The UnderNet World: IRC as Resistant Media
(This Paper was initially presented at Consciousness Reframed Š art technology and consciousness, the 3rd Centre for Advanced Inquiry in the Interactive Arts International Research Conference, University of Wales College)

Abstract
The Internet Relay Chat, once the communication information layer populated only by computer geeks, has become a primary means for information based piracy, hence a new conceptual, non-objective, artistic arena unfolds. Today, cyberculture is pop culture and capitalism has evolved into its highest form. Yet, deep below the on-line malls, web entertainment, porn, sports and latest mediated news lie hundreds of communication channels in which participants converse in real time, transfer files and enjoy interactive communications. This paper will discuss the use of IRC as a means of dissemination of artistic projects that challenge status quo use of electronic networking.

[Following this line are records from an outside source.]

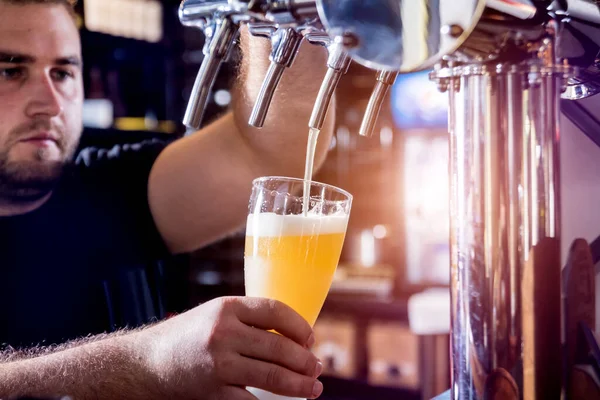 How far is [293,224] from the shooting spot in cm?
86

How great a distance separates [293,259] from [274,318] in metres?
0.14

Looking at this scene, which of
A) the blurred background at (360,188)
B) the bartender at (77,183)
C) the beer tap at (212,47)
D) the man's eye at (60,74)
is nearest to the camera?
the beer tap at (212,47)

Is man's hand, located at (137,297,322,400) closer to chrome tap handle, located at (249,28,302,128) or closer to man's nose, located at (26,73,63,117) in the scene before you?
chrome tap handle, located at (249,28,302,128)

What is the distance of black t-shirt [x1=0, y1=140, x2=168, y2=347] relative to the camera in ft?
5.98

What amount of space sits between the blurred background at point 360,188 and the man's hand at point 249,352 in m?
3.09

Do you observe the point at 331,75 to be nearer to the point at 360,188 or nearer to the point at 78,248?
the point at 78,248

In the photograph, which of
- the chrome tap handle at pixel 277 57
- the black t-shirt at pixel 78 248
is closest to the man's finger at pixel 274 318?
the chrome tap handle at pixel 277 57

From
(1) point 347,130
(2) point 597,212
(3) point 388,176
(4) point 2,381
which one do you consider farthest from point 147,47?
(2) point 597,212

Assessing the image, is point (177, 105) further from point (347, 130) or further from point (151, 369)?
point (151, 369)

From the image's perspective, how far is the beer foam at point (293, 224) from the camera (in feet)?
2.82

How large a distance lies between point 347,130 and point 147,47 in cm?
156

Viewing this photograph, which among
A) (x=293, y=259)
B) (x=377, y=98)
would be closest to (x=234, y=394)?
(x=293, y=259)

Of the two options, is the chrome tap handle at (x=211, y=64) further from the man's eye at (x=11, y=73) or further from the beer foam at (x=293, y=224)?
the man's eye at (x=11, y=73)

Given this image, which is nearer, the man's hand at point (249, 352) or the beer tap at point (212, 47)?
the beer tap at point (212, 47) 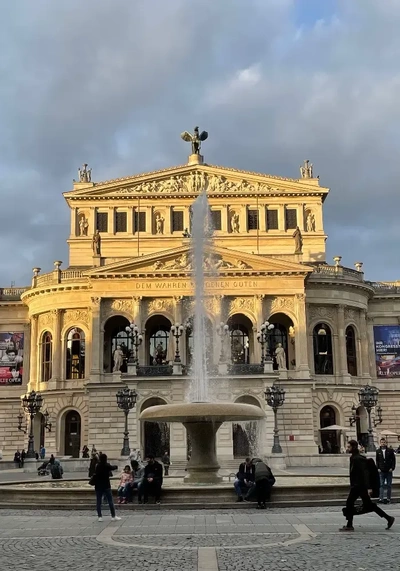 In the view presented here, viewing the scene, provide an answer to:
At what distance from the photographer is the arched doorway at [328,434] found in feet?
160

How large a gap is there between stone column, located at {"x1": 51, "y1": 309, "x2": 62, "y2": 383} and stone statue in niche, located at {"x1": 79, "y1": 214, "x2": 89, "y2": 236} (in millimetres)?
7098

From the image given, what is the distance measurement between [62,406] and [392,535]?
39497 millimetres

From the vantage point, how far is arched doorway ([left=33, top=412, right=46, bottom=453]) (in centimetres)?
4981

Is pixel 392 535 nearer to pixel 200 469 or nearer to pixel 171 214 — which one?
pixel 200 469

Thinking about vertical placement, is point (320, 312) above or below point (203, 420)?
above

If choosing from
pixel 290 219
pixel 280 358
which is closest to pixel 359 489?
pixel 280 358

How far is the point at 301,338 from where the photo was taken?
47.4 metres

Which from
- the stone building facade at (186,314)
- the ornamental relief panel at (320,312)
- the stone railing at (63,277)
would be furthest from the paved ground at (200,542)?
the stone railing at (63,277)

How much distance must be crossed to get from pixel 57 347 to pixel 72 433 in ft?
19.9

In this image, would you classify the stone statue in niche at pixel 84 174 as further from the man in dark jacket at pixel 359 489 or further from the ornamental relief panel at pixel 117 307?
the man in dark jacket at pixel 359 489

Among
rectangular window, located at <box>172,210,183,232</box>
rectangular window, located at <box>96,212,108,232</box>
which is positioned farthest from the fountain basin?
rectangular window, located at <box>96,212,108,232</box>

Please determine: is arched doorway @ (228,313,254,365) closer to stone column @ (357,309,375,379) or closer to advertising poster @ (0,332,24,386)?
stone column @ (357,309,375,379)

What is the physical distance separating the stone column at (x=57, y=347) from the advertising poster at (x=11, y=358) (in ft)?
12.6

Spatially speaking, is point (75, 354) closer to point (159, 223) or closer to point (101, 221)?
point (101, 221) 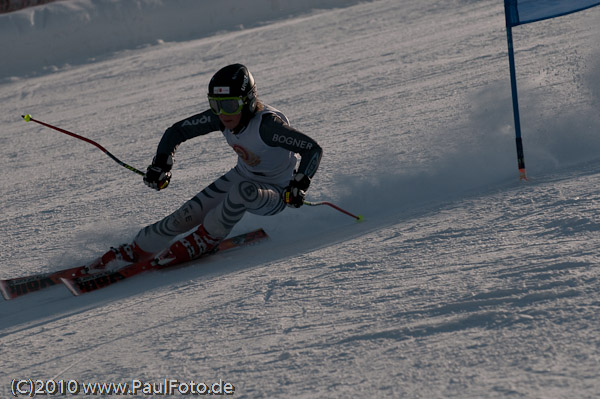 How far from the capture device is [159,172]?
479 cm

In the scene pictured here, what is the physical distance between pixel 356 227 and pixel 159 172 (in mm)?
1298

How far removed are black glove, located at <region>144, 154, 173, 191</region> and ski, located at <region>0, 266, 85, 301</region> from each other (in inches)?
27.0

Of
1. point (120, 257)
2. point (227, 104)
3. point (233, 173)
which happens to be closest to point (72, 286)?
point (120, 257)

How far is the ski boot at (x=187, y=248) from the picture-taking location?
4.62 metres

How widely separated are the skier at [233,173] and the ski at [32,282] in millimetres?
146

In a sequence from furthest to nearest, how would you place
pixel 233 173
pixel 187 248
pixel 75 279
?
pixel 233 173, pixel 187 248, pixel 75 279

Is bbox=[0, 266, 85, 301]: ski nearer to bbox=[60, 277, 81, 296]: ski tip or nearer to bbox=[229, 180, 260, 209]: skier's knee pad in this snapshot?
bbox=[60, 277, 81, 296]: ski tip

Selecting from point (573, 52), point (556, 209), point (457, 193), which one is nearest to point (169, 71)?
point (573, 52)

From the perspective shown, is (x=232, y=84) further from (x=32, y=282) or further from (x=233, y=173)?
(x=32, y=282)

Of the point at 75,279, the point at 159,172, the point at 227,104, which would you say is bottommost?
the point at 75,279

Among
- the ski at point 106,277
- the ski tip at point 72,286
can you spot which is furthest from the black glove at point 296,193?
the ski tip at point 72,286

Temporary Autonomy in Datasphere
Ten years ago, in his electronic manuscript "Crime and Puzzlement: Desperados of the DataSphere," John Perry Barlow wrote:

Cyberspace, in its present condition, has a lot in common with the 19th Century West. It is vast, unmapped, culturally and legally ambiguous, verbally terse (unless you happen to be a court stenographer), hard to get around in, and up for grabs. In this silent world, all conversation is typed. To enter it, one forsakes both body and place and becomes a thing of words alone. It is, of course, a perfect breeding ground for both outlaws and new ideas...1

The Golden Age of the Internet as described by Barlow has ended. The networks of capital have fully integrated themselves into and overtaken computer-mediated communication. The once wild and unsettled Internet now belongs to commerce and surveillance. As the highest evolved capitalist vehicle to date, the Internet requires panopticon-like surveillance to ensure the free exchange of safe information. The merger between mass media and new media suppresses the radical potential that the Internet once presented as a place of unregulated communication. In retrospect, we must ask firstly if the Internet was ever unregulated or is this merely an illusion and secondly if it is regulated, is it possible to establish autonomy within an electronically serviced network? Thirdly, is the Internet increasingly simulating the "real"?

As the Internet becomes fully embedded in the functions of the "first" world it appears to fully personify Guy Debord's spectacle more so than any other single element of mediated society. The Internet "is both the result and the project of the existing mode of production, it is the heart of the unrealism of the real society. In all its specific forms, as information or propaganda, as advertisement or direct entertainment consumption, the spectacle is the present model of socially dominant life" 2. As the Internet expands, it more closely parallels the society that uses it. It parallels the "real" in both content and interaction and in some ways it may perhaps be more truthful than the real itself. Therefore just as underground cultural production exists in the physical society, temporary autonomy is alive in the datasphere. Temporary sites for illegal exchange are suddenly announced on public channels, "mp3 site's up and running, leech away!" And just as quickly as they are announced, they disappear. Such sites facilitate the exchange of material that may otherwise be inaccessible.

A Network of Surveillance
As Brian Winston documents the early history of the Internet in his book Media Technology and Society: in the mid 1970s, the Stanford Research Institute "established the prompt system, now used for log-in name and password, by creating the L-O-G-I-N command. Also host to host protocols, Telnet, Networks, Control Protocols (NCP), File Transfer Protocol (FTP), were all created by the main frame teams titled the Network Working Group (NWG)" (pg.328).3 These are the protocols that created autonomous zones of virtual interaction between independent users to decentralize the structure of computer networking.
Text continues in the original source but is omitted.